Oh, just another remark: If Noscript’s XSS protection isn’t really perfect – to what extent is this creating “an even bigger problem” compared to not using Noscript at all???
I was referring to the way Giorgio “fixed” the issue of predictable whitelists. Instead of actually fixing it he created an even bigger issue. Now NoScript is relying heavily on the quality of its XSS protection – a hole in this protection brings back the old whitelists issue and makes NoScript useless. And since the quality of the XSS protection isn’t good enough (cannot be good enough), a somewhat determined attacker can still abuse predictable whitelists. And I simply don’t think that something that relies on the attacker being stupid can be called a security solution (stupid attackers usually aren’t dangerous anyway).
“The quality of the XSS protection isn’t good enough”? Well, first of all, Sirdarckcat and kuza55 needed several weeks to find out, by combining 3 weaknesses (one of them specific to ha.ckers.org), how to bypass Noscript – so it doesn’t seem to be that easy. And while Giorgio himself surely wouldn’t rule out any loopholes in Noscript’s anti-XSS code, it’s remarkable that none of these hundreds or thousands obfuscated XSS vectors posted on sla.ckers.org were able to bypass it.
But if you really think that it’s not good enough, why don’t you prove it by posting your results in http://sla.ckers.org/forum/read.php?12,17238 ?
@tlu:
This is a bit late, but I wanted to mention it anyway; it took only an hour or two to get from finding a vulnerability in RSnake’s site to having a working attack which evaded NoScript, and I have no idea where you got your several weeks from…..
Thanks, that’s what I suspected.
You can also say, in the same vein of logic, that all automated defense programs are useless. The fact that a human hacker who specifically targets someone is able to breach his security to some extent doesn’t mean that no script is useless. Its useful to most users who won’t be attacked directly but might get bothered by different malacious scripting on the web.
I quite agree.
Also if you are saying that XSS protection is in4evitabley going to fail then you might as well scrap the whole thing. But then you would have NO protection in that category, which is the reason it was implemented in the first place!
From what I have read sofar, it seems you are wanting to say that whitelisting is not what should be used. But, instead blacklisting is what should be used.
If this is the case, I have several weaknesses I can see. First, Blacklisting inevitably will make a mistake and not list a vendor, thus enabling an attack.

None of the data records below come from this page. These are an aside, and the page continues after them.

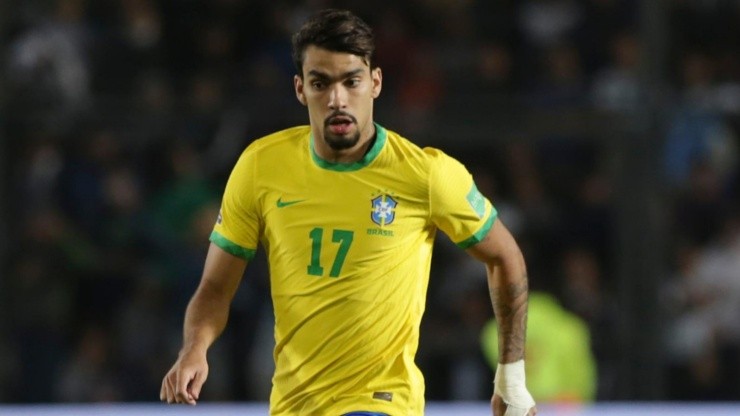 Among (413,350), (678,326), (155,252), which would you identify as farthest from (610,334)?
(413,350)

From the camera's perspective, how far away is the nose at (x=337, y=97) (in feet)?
15.5

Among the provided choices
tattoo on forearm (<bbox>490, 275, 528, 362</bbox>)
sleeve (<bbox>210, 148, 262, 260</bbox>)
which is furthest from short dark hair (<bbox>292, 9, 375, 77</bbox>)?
tattoo on forearm (<bbox>490, 275, 528, 362</bbox>)

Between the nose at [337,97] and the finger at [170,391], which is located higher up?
the nose at [337,97]

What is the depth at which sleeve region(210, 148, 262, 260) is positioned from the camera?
4.90 m

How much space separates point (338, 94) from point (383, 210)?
0.37 meters

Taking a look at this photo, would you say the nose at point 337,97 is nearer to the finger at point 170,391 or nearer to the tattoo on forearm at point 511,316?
the tattoo on forearm at point 511,316

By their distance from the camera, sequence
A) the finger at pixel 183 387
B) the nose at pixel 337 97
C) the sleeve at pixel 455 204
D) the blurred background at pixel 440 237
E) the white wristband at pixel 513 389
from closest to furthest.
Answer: the finger at pixel 183 387 < the nose at pixel 337 97 < the sleeve at pixel 455 204 < the white wristband at pixel 513 389 < the blurred background at pixel 440 237

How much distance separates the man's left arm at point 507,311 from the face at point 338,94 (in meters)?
0.52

The Attacker could also feasibly enable an address that is not blacklisted. PLUS, the list would have to be huge if it was to provide adequate protection, thus slowing the browser down, and increasing its memory usage.
Have a good day. :p
SZ,
The first sentence in the article says: “security solutions using whitelists are better than those using blacklists”.
The whitelist should ideally initially have zero entries. However, I still want the noscript author to receive ad revenue.
I use noscript not for all-consuming protection against a directed attack against me, but for protection from accidental visiting of malicious websites, and annoying ad-sites(which may dump adware on your computer, often operating from white-listed sites).
If i visit a thought-to-be safe website and it turns out it is not a safe website, NoScript protects me and prevents the bad scripts from running. These kinds of websites are not directly attacking me, trying to circumvent my NoScript or anything, but simply trying to dump whatever they can on whoever comes across their website.